* Material provided:
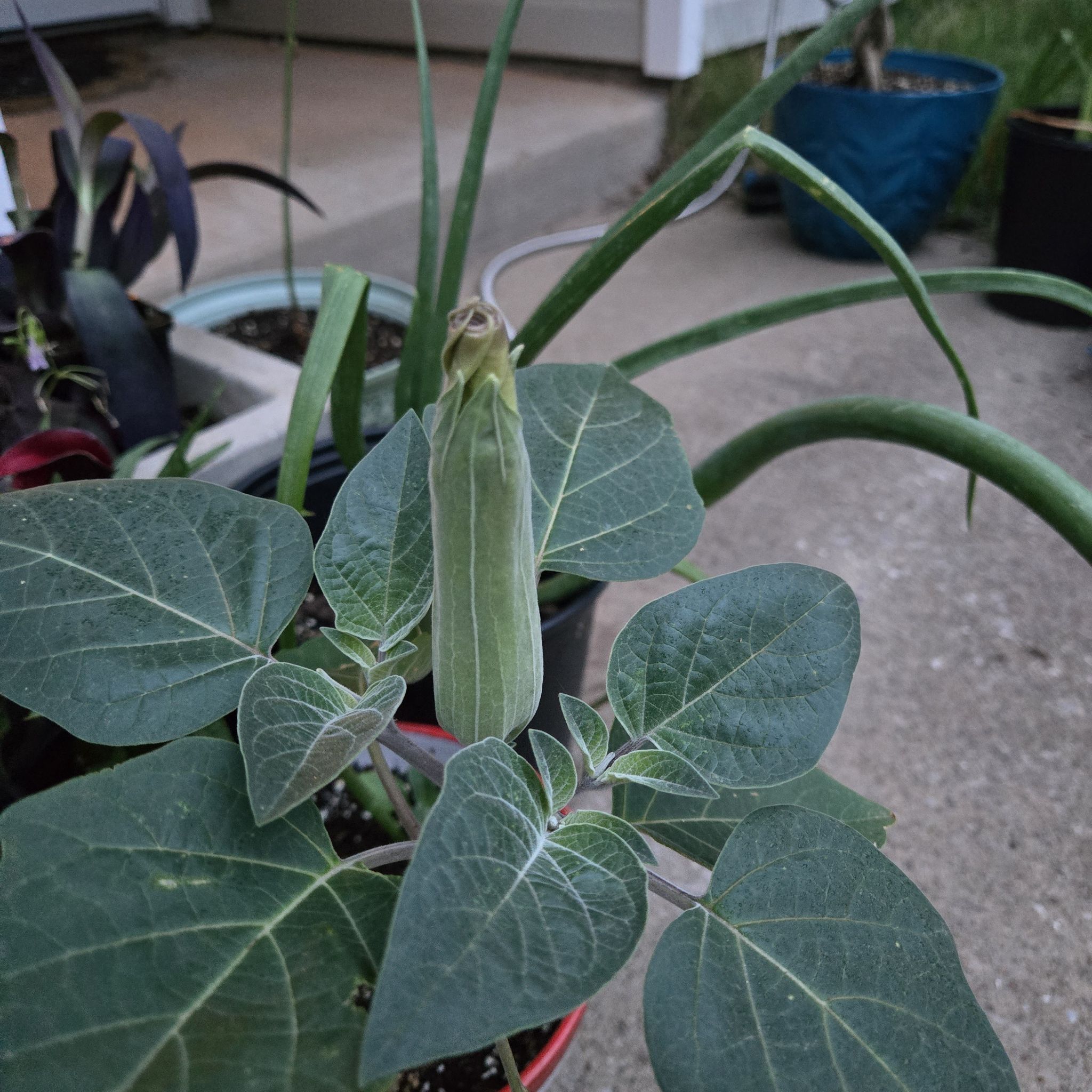 Photo of the plant species Angel's Trumpet by @SpyderLily named Sol on Greg, the plant care app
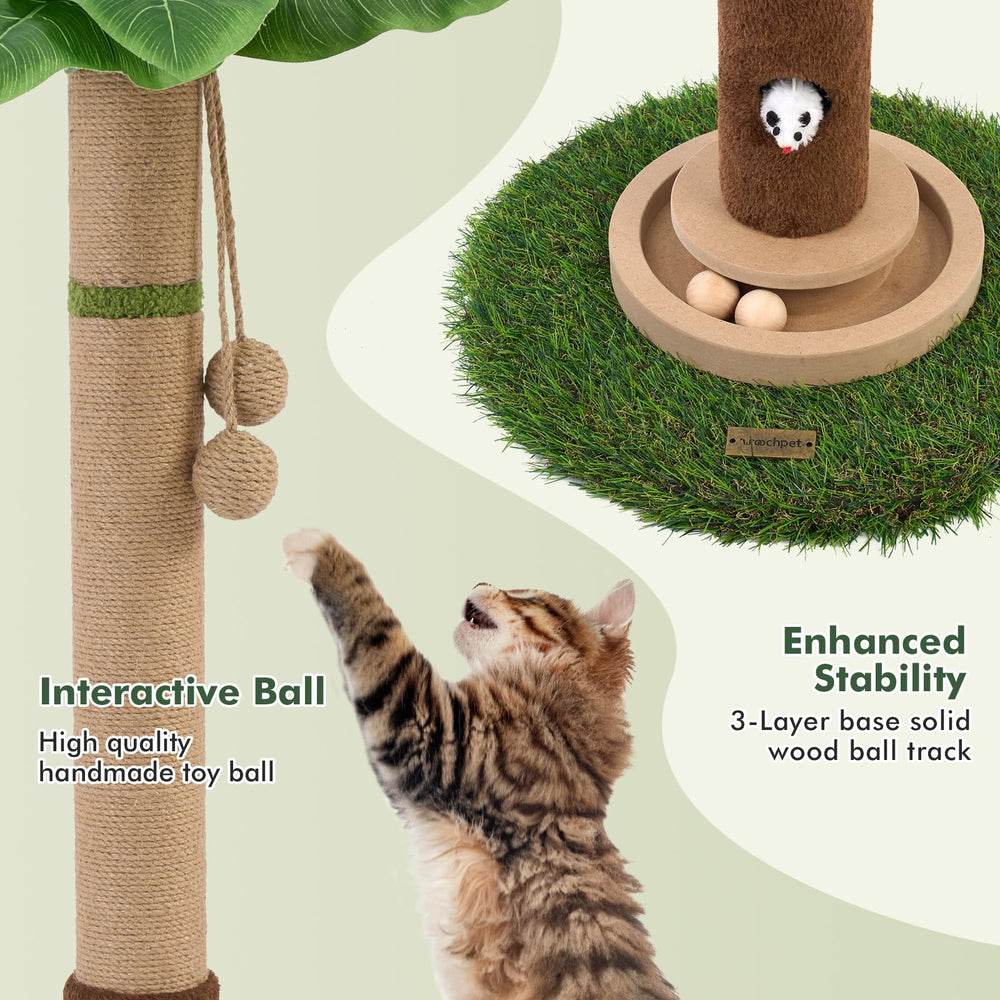 Woochpet natural sisal claws encourages healthy scratching habits.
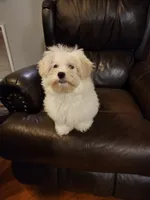 Green Boy, a male Havanese for sale in Mayfield, KY – Photo 1 of 2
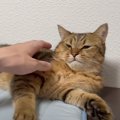 猫をママの後に『パパが撫でた』結果…あからさまな反応の違いが面白す…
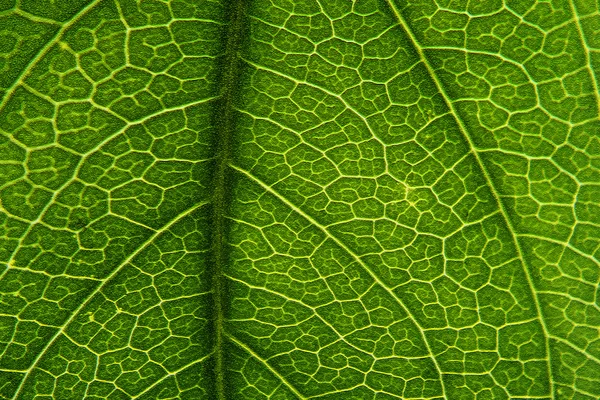 Geada — Fotografia de Stock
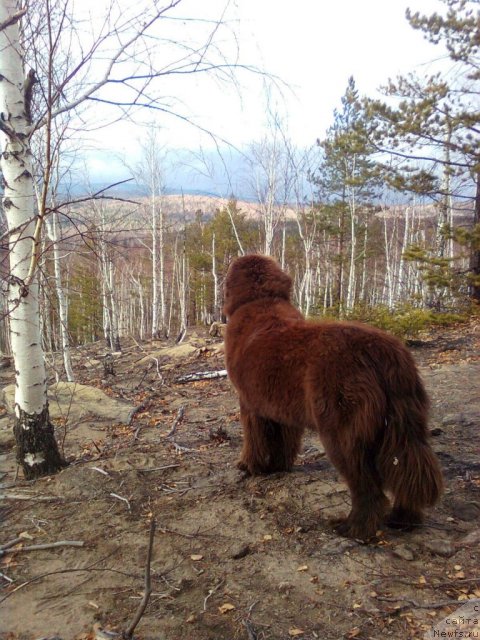 Фото: ньюфаундленд CHernyiy SHarm Abrikosovaya Karamel' (Черный Шарм Абрикосовая Карамель)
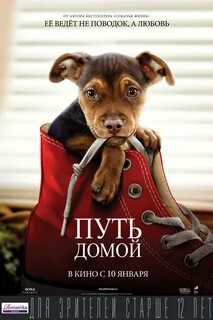 Делаю путь домой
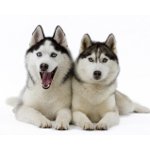 Raça Husky Dog Raça Husky Dog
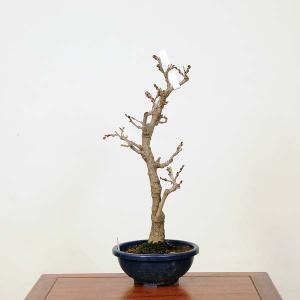 中品盆栽：一才藤　現品　*ふじ　フジ　Fuji｜y-bonsai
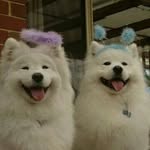@bradley.brenner - Instagram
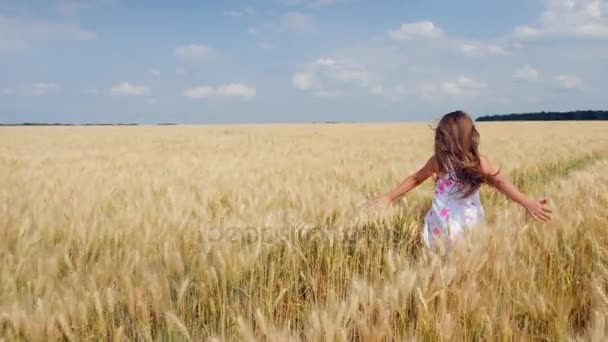 Schoonheid meisje draait op gele tarweveld — Stockvideo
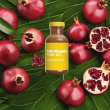 Pomegranate Plant Extract – Rich Ellagic Acid Source for Enhanced Health & Wellness
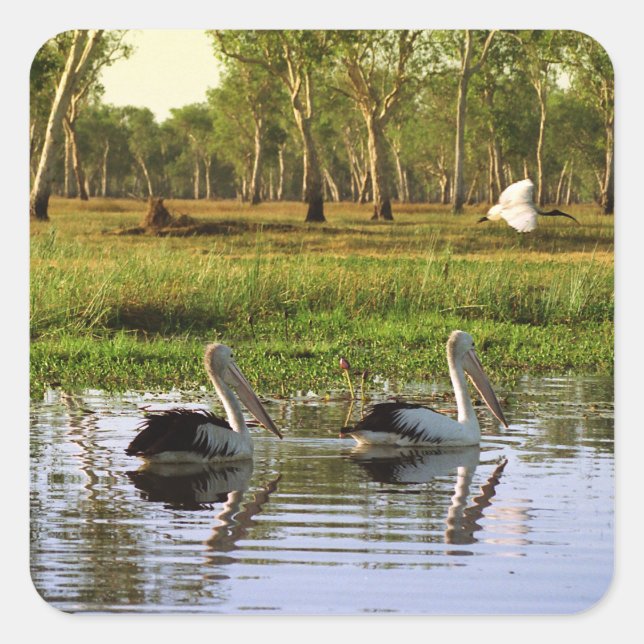 Australian Pelicans, Kakadu National Park, NT Quadratischer Aufkleber (Vorderseite)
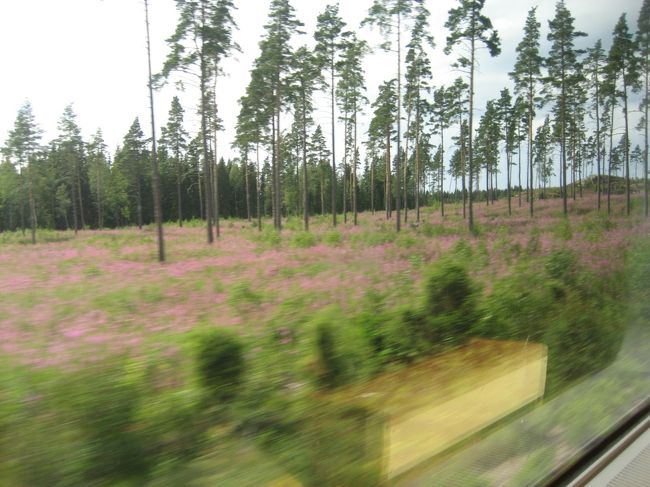 やがてアナウンスでノルウェーとスウェーデンの国境を越えたとあった。特に変化なし・・・。何か劇的な変化を期待したけど、車窓は森林が続くばかり。ちょっとがっかり＾＾；<br /><br />林業が重要な産業になっているというのもよく分かる。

* Task item:
From the line containing "Green Boy, a" through the last line of the records, both included, output those lines exactly and nothing else; skip the pictures.

* Output of the task:
 Green Boy, a male Havanese for sale in Mayfield, KY – Photo 1 of 2
 猫をママの後に『パパが撫でた』結果…あからさまな反応の違いが面白す…
 Geada — Fotografia de Stock
 Фото: ньюфаундленд CHernyiy SHarm Abrikosovaya Karamel' (Черный Шарм Абрикосовая Карамель)
 Делаю путь домой
 Raça Husky Dog Raça Husky Dog
 中品盆栽：一才藤　現品　*ふじ　フジ　Fuji｜y-bonsai
@bradley.brenner - Instagram
 Schoonheid meisje draait op gele tarweveld — Stockvideo
 Pomegranate Plant Extract – Rich Ellagic Acid Source for Enhanced Health & Wellness
 Australian Pelicans, Kakadu National Park, NT Quadratischer Aufkleber (Vorderseite)
 やがてアナウンスでノルウェーとスウェーデンの国境を越えたとあった。特に変化なし・・・。何か劇的な変化を期待したけど、車窓は森林が続くばかり。ちょっとがっかり＾＾；<br /><br />林業が重要な産業になっているというのもよく分かる。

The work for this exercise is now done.